SceneFactory: GPU-Accelerated Multi-Agent Driving Simulation with Physics-Based Vehicle Dynamics

摘要

Autonomous-driving simulators typically trade physical fidelity for scalable parallelism. Physics-based platforms such as CARLA and MetaDrive provide articulated vehicle dynamics and contact, but their non-vectorized interfaces make batched training difficult. GPU-batched systems such as Waymax and GPUDrive scale to hundreds of scenarios by replacing rigid-body physics with simplified kinematic models, omitting tire--road interaction, suspension, contact dynamics, and road-condition-dependent friction. We introduce SceneFactory, a GPU-vectorized platform for procedural scene construction, physics-based multi-agent simulation, and RL in autonomous-driving environments. Built on NVIDIA Isaac Sim + Isaac Lab, SceneFactory represents worlds and agents as batched tensors: control, observations, rewards, resets, and policy inference run as GPU tensor operations over the Isaac Lab tensor API. SceneFactory converts Waymo Open Motion Dataset road topologies into simulation-ready USD worlds, runs many worlds concurrently on one GPU, populates each with multiple articulated PhysX vehicles, and maps precipitation and road-surface type to PhysX material friction coefficients.

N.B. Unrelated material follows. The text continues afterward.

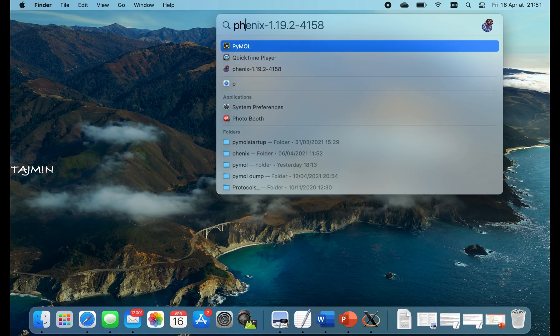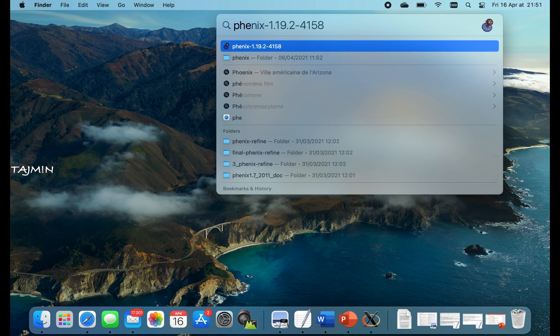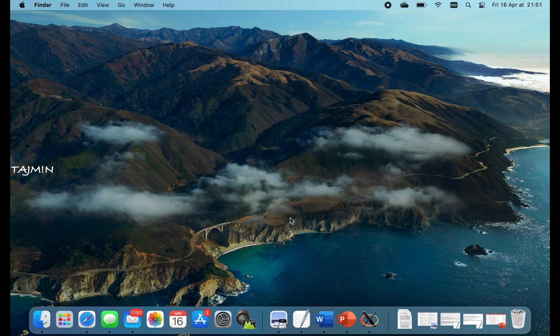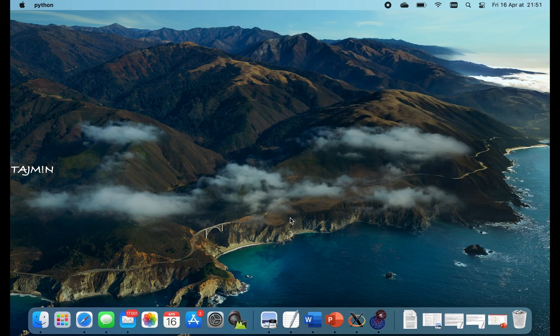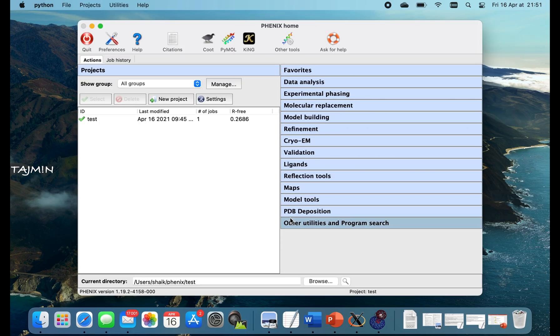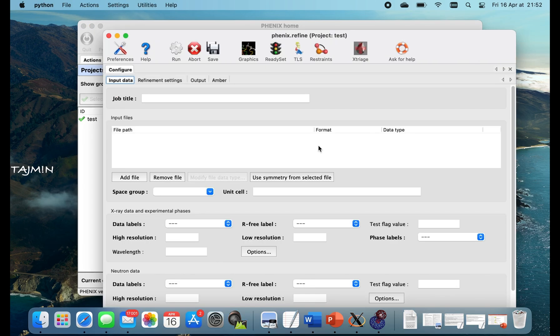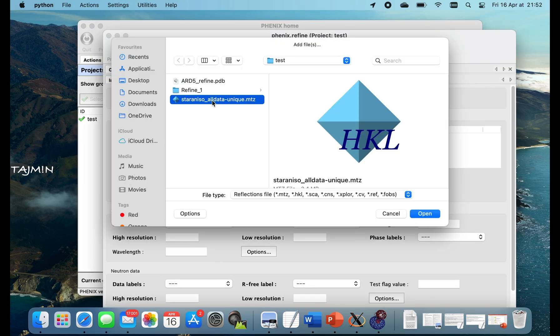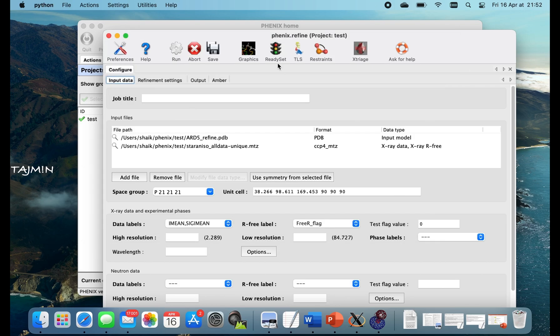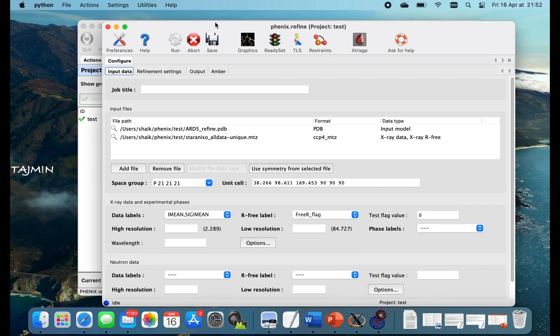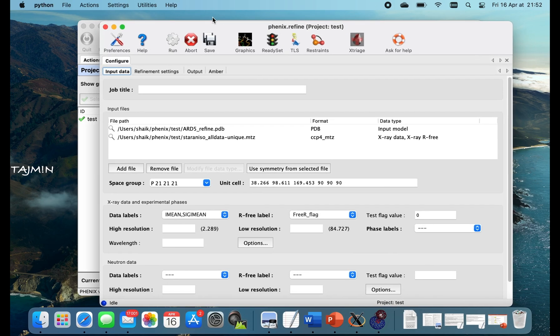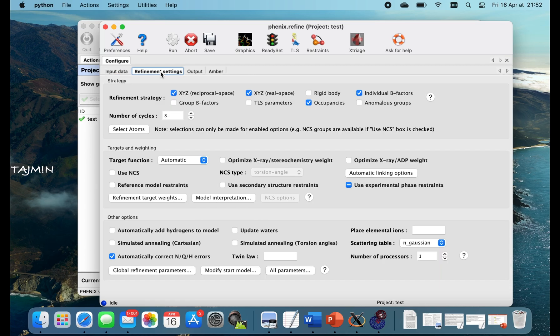Finally I will try to do a refinement in Phoenix and show you how quick it works. And simultaneously we try Coot and check the maps. So we do a simple refinement here. I have uploaded the PDB and corresponding MTZ. Then go to the refinement settings. We keep everything basic and increase the processors. And check the output.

With GPU vectorization, SceneFactory achieves up to 127$\times$ higher throughput than a non-vectorized PhysX baseline on the same GPU and physics solver, reaching 19,250 controlled-agent simulation steps per second at 256 worlds $\times$ 16 agents. Cross-simulator transfer reveals an asymmetric dynamics gap: physics-grounded RL policies transfer to a simplified kinematic bicycle model with 99.5% success, whereas reverse transfer drops to 47.3%. Under wet-road friction, friction-aware policies reduce mean peak DRAC from 58.7 to 27.8,m/s$^2$ without sacrificing goal reach. SceneFactory shows that scalable autonomous-driving training need not discard articulated rigid-body dynamics or physically grounded road-condition variation.